A bióloga foi a campo e contou com a ajuda de pesquisadores parceiros que trabalham em diferentes localidades para tentar reunir o maior número possível de amostras de diferentes grupos de muriquis.
“Fiz campanhas pontuais nos locais onde não há pesquisadores acompanhando o grupo diariamente ou mensalmente. Temos muitos projetos de monitoramento contínuo parceiros que coletaram as amostras e me enviaram. No campo, a ideia principal era encontrar os animais ou pelo menos vestígios deles para depois tentar encontrar as fezes. Utilizamos do conhecimento dos animais na região, da conversa com os locais e de tecnologias como playback e drones com câmeras termais para encontrá-los”, detalha a pesquisadora.
O saldo desse esforço coletivo foi um total de 330 amostras de muriquis-do-norte e incluiu ainda 80 amostras do também ameaçado muriqui-do-sul (Brachyteles arachnoides).
“O Bolsas FUNBIO está me permitindo analisar todas essas amostras de muriqui. Eu com certeza não teria capacidade de fazer o maior estudo genético das populações de muriquis hoje e analisar as mais de 400 amostras se não fosse por esse apoio”, reforça a bióloga.
A pesquisa agora está na reta final, com a análise das amostras.
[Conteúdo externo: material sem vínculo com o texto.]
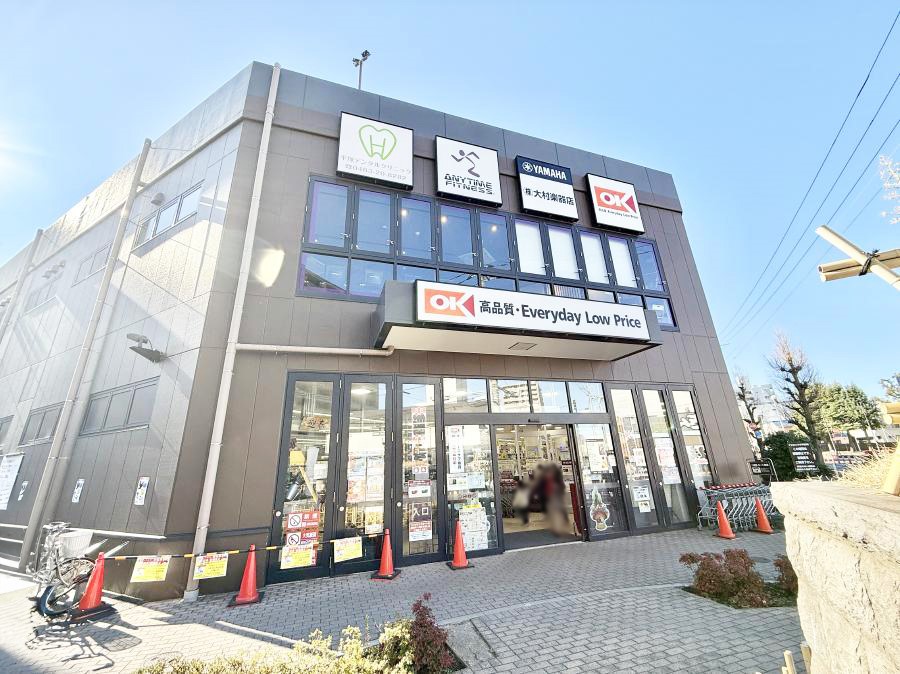 ���ӊ� �X�[�p�[ 490m �I�[�P�[���˓X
Alguns resultados preliminares, entretanto, já começam a despontar, revelando as populações de muriquis com maior representatividade da diversidade genética e aquelas com sequências genéticas únicas.
No caso do muriqui-do-norte, o destaque são as populações mineiras da Reserva Particular do Patrimônio Natural (RPPN) Feliciano Miguel Abdala, em Caratinga, e da Reserva Biológica da Mata Escura, no vale do Jequitinhonha. Ambas com genes exclusivos e grande diversidade genética. Do outro lado da balança, a população da RPPN Mata do Sossego, no município de Simonésia, apresenta sinais preocupantes de endogamia e pode ser prioritária para ações de manejo.
Enquanto avança nas análises, Amanda tem outro grande projeto em andamento: a maternidade. Durante a gravidez, a bióloga concilia as demandas da pesquisa enquanto, ainda da barriga, seu bebê já vai aprendendo, como ela foi ensinada um dia, a amar a ciência e os muriquis.